**RECORDS PROVIDED:**

- Opening Delimiter -

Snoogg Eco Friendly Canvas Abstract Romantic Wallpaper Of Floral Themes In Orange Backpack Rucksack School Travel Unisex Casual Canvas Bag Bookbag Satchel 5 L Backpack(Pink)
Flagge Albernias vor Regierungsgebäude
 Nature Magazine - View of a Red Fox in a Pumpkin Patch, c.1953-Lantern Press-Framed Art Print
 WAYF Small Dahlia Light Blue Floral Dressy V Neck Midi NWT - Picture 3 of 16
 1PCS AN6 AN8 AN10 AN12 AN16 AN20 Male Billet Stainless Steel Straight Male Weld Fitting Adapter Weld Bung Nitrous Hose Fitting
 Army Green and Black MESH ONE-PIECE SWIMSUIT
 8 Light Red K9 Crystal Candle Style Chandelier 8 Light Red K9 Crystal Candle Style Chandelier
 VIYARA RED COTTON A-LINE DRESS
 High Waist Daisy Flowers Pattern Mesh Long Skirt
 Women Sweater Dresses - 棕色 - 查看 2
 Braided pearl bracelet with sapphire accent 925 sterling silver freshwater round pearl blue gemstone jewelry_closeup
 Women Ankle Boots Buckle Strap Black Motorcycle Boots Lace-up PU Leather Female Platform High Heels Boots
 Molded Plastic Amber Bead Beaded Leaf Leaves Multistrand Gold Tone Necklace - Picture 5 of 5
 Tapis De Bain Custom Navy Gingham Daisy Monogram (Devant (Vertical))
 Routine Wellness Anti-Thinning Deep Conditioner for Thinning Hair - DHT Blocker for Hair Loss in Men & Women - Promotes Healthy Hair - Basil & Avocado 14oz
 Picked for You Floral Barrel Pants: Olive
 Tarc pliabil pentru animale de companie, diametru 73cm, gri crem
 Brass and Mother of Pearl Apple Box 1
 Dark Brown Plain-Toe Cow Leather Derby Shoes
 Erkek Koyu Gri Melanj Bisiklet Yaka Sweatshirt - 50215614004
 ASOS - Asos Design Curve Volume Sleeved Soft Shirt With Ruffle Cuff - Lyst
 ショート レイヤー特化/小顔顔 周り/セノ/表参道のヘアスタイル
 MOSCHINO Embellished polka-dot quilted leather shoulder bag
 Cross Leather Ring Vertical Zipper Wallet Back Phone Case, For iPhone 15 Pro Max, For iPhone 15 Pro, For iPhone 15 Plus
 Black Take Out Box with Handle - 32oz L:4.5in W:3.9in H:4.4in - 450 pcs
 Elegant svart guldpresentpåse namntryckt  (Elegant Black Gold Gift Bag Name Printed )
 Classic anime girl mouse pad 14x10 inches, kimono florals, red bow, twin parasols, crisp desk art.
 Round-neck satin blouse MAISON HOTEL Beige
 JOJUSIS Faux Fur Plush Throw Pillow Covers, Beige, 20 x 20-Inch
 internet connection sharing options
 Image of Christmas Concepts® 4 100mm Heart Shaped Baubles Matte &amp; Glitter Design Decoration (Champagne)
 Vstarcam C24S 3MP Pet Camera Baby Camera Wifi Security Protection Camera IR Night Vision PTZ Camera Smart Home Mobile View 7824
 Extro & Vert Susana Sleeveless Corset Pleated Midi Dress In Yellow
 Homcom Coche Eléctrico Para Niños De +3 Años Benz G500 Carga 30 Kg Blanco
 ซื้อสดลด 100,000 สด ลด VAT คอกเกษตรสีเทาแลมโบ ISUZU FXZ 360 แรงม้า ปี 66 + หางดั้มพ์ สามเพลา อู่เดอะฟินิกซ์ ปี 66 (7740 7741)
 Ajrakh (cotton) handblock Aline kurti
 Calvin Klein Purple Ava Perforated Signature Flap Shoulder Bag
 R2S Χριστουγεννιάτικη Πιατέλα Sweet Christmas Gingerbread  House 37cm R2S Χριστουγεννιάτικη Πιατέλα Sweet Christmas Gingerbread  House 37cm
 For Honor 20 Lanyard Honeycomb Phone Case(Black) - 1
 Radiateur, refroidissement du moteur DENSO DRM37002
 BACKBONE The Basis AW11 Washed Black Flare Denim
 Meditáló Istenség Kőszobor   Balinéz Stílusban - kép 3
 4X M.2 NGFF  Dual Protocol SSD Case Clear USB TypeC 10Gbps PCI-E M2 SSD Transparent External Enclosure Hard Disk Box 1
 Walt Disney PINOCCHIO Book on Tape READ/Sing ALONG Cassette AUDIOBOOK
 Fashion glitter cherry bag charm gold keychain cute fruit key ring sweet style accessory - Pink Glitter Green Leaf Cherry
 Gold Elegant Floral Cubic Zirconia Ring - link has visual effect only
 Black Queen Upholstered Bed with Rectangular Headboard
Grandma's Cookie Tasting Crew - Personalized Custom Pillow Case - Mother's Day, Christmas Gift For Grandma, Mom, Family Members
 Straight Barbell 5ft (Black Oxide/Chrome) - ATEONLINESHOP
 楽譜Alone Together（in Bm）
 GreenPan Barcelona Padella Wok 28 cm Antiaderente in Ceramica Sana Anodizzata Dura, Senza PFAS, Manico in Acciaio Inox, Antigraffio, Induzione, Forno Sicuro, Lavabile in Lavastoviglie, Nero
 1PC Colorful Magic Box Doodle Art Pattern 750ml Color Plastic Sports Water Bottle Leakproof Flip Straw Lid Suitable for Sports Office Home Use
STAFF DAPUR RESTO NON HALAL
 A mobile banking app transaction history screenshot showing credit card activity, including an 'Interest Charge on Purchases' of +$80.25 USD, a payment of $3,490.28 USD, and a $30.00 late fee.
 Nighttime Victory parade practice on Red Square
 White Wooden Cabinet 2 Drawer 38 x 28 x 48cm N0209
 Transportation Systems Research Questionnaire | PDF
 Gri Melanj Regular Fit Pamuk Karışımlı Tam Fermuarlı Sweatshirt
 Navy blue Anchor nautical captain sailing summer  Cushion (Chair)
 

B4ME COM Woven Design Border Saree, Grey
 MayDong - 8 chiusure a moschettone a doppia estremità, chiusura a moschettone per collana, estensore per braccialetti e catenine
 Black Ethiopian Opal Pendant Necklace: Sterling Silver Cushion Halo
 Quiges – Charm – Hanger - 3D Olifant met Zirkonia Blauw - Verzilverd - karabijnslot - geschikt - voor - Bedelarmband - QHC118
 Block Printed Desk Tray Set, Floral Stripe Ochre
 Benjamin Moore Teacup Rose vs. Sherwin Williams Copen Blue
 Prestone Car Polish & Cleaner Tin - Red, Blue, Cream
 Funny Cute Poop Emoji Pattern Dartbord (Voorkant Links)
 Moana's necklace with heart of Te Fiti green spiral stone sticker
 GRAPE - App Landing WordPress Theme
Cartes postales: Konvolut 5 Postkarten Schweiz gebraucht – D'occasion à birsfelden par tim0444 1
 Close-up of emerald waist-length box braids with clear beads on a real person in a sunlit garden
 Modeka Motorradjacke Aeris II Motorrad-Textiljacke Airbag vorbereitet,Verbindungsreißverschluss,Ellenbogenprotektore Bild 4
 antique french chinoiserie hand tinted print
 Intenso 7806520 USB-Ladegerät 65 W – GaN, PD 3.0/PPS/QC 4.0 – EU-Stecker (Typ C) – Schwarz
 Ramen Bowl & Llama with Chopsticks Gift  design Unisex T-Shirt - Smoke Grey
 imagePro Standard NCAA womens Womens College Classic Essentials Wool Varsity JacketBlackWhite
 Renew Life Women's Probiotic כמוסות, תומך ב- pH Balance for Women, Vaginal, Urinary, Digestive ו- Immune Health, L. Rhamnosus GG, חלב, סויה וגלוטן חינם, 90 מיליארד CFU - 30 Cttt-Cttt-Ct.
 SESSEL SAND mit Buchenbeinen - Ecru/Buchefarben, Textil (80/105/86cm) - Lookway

- Closing Delimiter -

**TO DO:** Without any change, write the listing out again.

**ANSWER SECTION:**
Snoogg Eco Friendly Canvas Abstract Romantic Wallpaper Of Floral Themes In Orange Backpack Rucksack School Travel Unisex Casual Canvas Bag Bookbag Satchel 5 L Backpack(Pink)
Flagge Albernias vor Regierungsgebäude
 Nature Magazine - View of a Red Fox in a Pumpkin Patch, c.1953-Lantern Press-Framed Art Print
 WAYF Small Dahlia Light Blue Floral Dressy V Neck Midi NWT - Picture 3 of 16
 1PCS AN6 AN8 AN10 AN12 AN16 AN20 Male Billet Stainless Steel Straight Male Weld Fitting Adapter Weld Bung Nitrous Hose Fitting
 Army Green and Black MESH ONE-PIECE SWIMSUIT
 8 Light Red K9 Crystal Candle Style Chandelier 8 Light Red K9 Crystal Candle Style Chandelier
 VIYARA RED COTTON A-LINE DRESS
 High Waist Daisy Flowers Pattern Mesh Long Skirt
 Women Sweater Dresses - 棕色 - 查看 2
 Braided pearl bracelet with sapphire accent 925 sterling silver freshwater round pearl blue gemstone jewelry_closeup
 Women Ankle Boots Buckle Strap Black Motorcycle Boots Lace-up PU Leather Female Platform High Heels Boots
 Molded Plastic Amber Bead Beaded Leaf Leaves Multistrand Gold Tone Necklace - Picture 5 of 5
 Tapis De Bain Custom Navy Gingham Daisy Monogram (Devant (Vertical))
 Routine Wellness Anti-Thinning Deep Conditioner for Thinning Hair - DHT Blocker for Hair Loss in Men & Women - Promotes Healthy Hair - Basil & Avocado 14oz
 Picked for You Floral Barrel Pants: Olive
 Tarc pliabil pentru animale de companie, diametru 73cm, gri crem
 Brass and Mother of Pearl Apple Box 1
 Dark Brown Plain-Toe Cow Leather Derby Shoes
 Erkek Koyu Gri Melanj Bisiklet Yaka Sweatshirt - 50215614004
 ASOS - Asos Design Curve Volume Sleeved Soft Shirt With Ruffle Cuff - Lyst
 ショート レイヤー特化/小顔顔 周り/セノ/表参道のヘアスタイル
 MOSCHINO Embellished polka-dot quilted leather shoulder bag
 Cross Leather Ring Vertical Zipper Wallet Back Phone Case, For iPhone 15 Pro Max, For iPhone 15 Pro, For iPhone 15 Plus
 Black Take Out Box with Handle - 32oz L:4.5in W:3.9in H:4.4in - 450 pcs
 Elegant svart guldpresentpåse namntryckt  (Elegant Black Gold Gift Bag Name Printed )
 Classic anime girl mouse pad 14x10 inches, kimono florals, red bow, twin parasols, crisp desk art.
 Round-neck satin blouse MAISON HOTEL Beige
 JOJUSIS Faux Fur Plush Throw Pillow Covers, Beige, 20 x 20-Inch
 internet connection sharing options
 Image of Christmas Concepts® 4 100mm Heart Shaped Baubles Matte &amp; Glitter Design Decoration (Champagne)
 Vstarcam C24S 3MP Pet Camera Baby Camera Wifi Security Protection Camera IR Night Vision PTZ Camera Smart Home Mobile View 7824
 Extro & Vert Susana Sleeveless Corset Pleated Midi Dress In Yellow
 Homcom Coche Eléctrico Para Niños De +3 Años Benz G500 Carga 30 Kg Blanco
 ซื้อสดลด 100,000 สด ลด VAT คอกเกษตรสีเทาแลมโบ ISUZU FXZ 360 แรงม้า ปี 66 + หางดั้มพ์ สามเพลา อู่เดอะฟินิกซ์ ปี 66 (7740 7741)
 Ajrakh (cotton) handblock Aline kurti
 Calvin Klein Purple Ava Perforated Signature Flap Shoulder Bag
 R2S Χριστουγεννιάτικη Πιατέλα Sweet Christmas Gingerbread  House 37cm R2S Χριστουγεννιάτικη Πιατέλα Sweet Christmas Gingerbread  House 37cm
 For Honor 20 Lanyard Honeycomb Phone Case(Black) - 1
 Radiateur, refroidissement du moteur DENSO DRM37002
 BACKBONE The Basis AW11 Washed Black Flare Denim
 Meditáló Istenség Kőszobor   Balinéz Stílusban - kép 3
 4X M.2 NGFF  Dual Protocol SSD Case Clear USB TypeC 10Gbps PCI-E M2 SSD Transparent External Enclosure Hard Disk Box 1
 Walt Disney PINOCCHIO Book on Tape READ/Sing ALONG Cassette AUDIOBOOK
 Fashion glitter cherry bag charm gold keychain cute fruit key ring sweet style accessory - Pink Glitter Green Leaf Cherry
 Gold Elegant Floral Cubic Zirconia Ring - link has visual effect only
 Black Queen Upholstered Bed with Rectangular Headboard
Grandma's Cookie Tasting Crew - Personalized Custom Pillow Case - Mother's Day, Christmas Gift For Grandma, Mom, Family Members
 Straight Barbell 5ft (Black Oxide/Chrome) - ATEONLINESHOP
 楽譜Alone Together（in Bm）
 GreenPan Barcelona Padella Wok 28 cm Antiaderente in Ceramica Sana Anodizzata Dura, Senza PFAS, Manico in Acciaio Inox, Antigraffio, Induzione, Forno Sicuro, Lavabile in Lavastoviglie, Nero
 1PC Colorful Magic Box Doodle Art Pattern 750ml Color Plastic Sports Water Bottle Leakproof Flip Straw Lid Suitable for Sports Office Home Use
STAFF DAPUR RESTO NON HALAL
 A mobile banking app transaction history screenshot showing credit card activity, including an 'Interest Charge on Purchases' of +$80.25 USD, a payment of $3,490.28 USD, and a $30.00 late fee.
 Nighttime Victory parade practice on Red Square
 White Wooden Cabinet 2 Drawer 38 x 28 x 48cm N0209
 Transportation Systems Research Questionnaire | PDF
 Gri Melanj Regular Fit Pamuk Karışımlı Tam Fermuarlı Sweatshirt
 Navy blue Anchor nautical captain sailing summer  Cushion (Chair)
 

B4ME COM Woven Design Border Saree, Grey
 MayDong - 8 chiusure a moschettone a doppia estremità, chiusura a moschettone per collana, estensore per braccialetti e catenine
 Black Ethiopian Opal Pendant Necklace: Sterling Silver Cushion Halo
 Quiges – Charm – Hanger - 3D Olifant met Zirkonia Blauw - Verzilverd - karabijnslot - geschikt - voor - Bedelarmband - QHC118
 Block Printed Desk Tray Set, Floral Stripe Ochre
 Benjamin Moore Teacup Rose vs. Sherwin Williams Copen Blue
 Prestone Car Polish & Cleaner Tin - Red, Blue, Cream
 Funny Cute Poop Emoji Pattern Dartbord (Voorkant Links)
 Moana's necklace with heart of Te Fiti green spiral stone sticker
 GRAPE - App Landing WordPress Theme
Cartes postales: Konvolut 5 Postkarten Schweiz gebraucht – D'occasion à birsfelden par tim0444 1
 Close-up of emerald waist-length box braids with clear beads on a real person in a sunlit garden
 Modeka Motorradjacke Aeris II Motorrad-Textiljacke Airbag vorbereitet,Verbindungsreißverschluss,Ellenbogenprotektore Bild 4
 antique french chinoiserie hand tinted print
 Intenso 7806520 USB-Ladegerät 65 W – GaN, PD 3.0/PPS/QC 4.0 – EU-Stecker (Typ C) – Schwarz
 Ramen Bowl & Llama with Chopsticks Gift  design Unisex T-Shirt - Smoke Grey
 imagePro Standard NCAA womens Womens College Classic Essentials Wool Varsity JacketBlackWhite
 Renew Life Women's Probiotic כמוסות, תומך ב- pH Balance for Women, Vaginal, Urinary, Digestive ו- Immune Health, L. Rhamnosus GG, חלב, סויה וגלוטן חינם, 90 מיליארד CFU - 30 Cttt-Cttt-Ct.
 SESSEL SAND mit Buchenbeinen - Ecru/Buchefarben, Textil (80/105/86cm) - Lookway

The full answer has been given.